From the fall of 2021 to the spring of 2022, food stamp payments in the Muncie metro steadily increased from $3.3 million to $3.5 million, until the summer of 2022 when food stamp payments drastically declined reaching $2.3 million during September (see Table 6). Although the total food stamps issued from September 2021 to September 2022 has decreased by 28.5%, the number of households that are receiving food stamps has increased by 0.7% over the same period. More people are using this social service, but receiving smaller payments than previously issued, which aligns with higher labor force participation as discussed earlier.

Table 6: Food stamp recipients in Delaware County, September 2021 through September 2022 

Year Month Total food stamps issued Number of households receiving food stamps Number of food stamp recipients Food stamps average per household Food stamps average per recipient
 2021 September $3,324,284 7,011 14,059 $474.15 $236.45
October $3,255,519 6,929 13,950 $469.84 $233.37
November $3,373,887 6,799 13,500 $469.23 $249.92
December $3,386,570 6,746 13,437 $502.01 $252.03
2022 January $3,409,843 6,735 13,438 $506.29 $253.75
February $3,471,020 6,881 13,724 $504.44 $252.92
March $3,524,641 6,980 13,959 $504.96 $252.50
April $3,502,364 7,031 14,033 $498.13 $249.58
May $3,511,964 7,061 14,068 $497.37 $249.64
June $2,437,927 7,114 14,217 $342.69 $171.48
July $2,368,425 7,122 14,179 $332.55 $167.04
August $2,393,544 7,124 14,157 $335.98 $169.07
September $2,376,337 7,057 14,009 $336.73 $169.63

Source: STATS Indiana, Indiana Family and Social Services Administration data

Outlook

The indicators presented in this analysis show that the Muncie metro is recovering from the pandemic recession. Labor force participation has increased over the past year, unemployment has decreased and the number of total food stamps has decreased. Employment has increased particularly in sectors like leisure and hospitality, financial activities and retail that were hit hard by the pandemic. Several industry sectors, including health care and social services, have experienced real (inflation-adjusted) wage gains. The housing indicators are consistent with a hot housing market that is likely to cool over the coming year as interest rate increases filter through the economy.
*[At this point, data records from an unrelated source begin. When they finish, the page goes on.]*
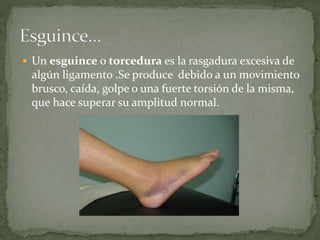  Un esguince o torcedura es la rasgadura excesiva de 
algún ligamento .Se produce debido a un movimiento 
brusco, caída, golpe o una fuerte torsión de la misma, 
que hace superar su amplitud normal. 
 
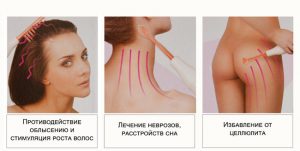 применение дарсонваля в косметологии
The Indiana University Center for Econometric Model Research’s forecast shows employment growth of 1.9% in the Muncie MSA over the next two years as the metro continues to recover from the pandemic, while income is projected to increase 4.5% during 2023.5 Population will continue to show a slow decline with a projected 0.25% annual decrease during 2023.

Notes

  1. D. Penticuff. “Indoor farm at former Delaware County-owned shell building to be hiring and producing bagged salad soon,” Muncie Star Press, March 11, 2022.
  2. D. Penticuff. “Italian filter maker Filtrec chooses Delaware County to expand, locate its headquarters,” Muncie Star Press, July 6, 2022.
  3. “Canpack celebrates construction milestone of the second U.S.-based manufacturing facility,” Business Update, June 8, 2022, https://www.canpack.com/news/canpack-celebrates-constrution-milestone-of-the-secondbrus-based-manufacturing-facility/ .
  4. D. Penticuff. “Tax abatement granted by Muncie for Markets on Madison; some tenants in place as work begins,” Muncie Star Press, July 6, 2022.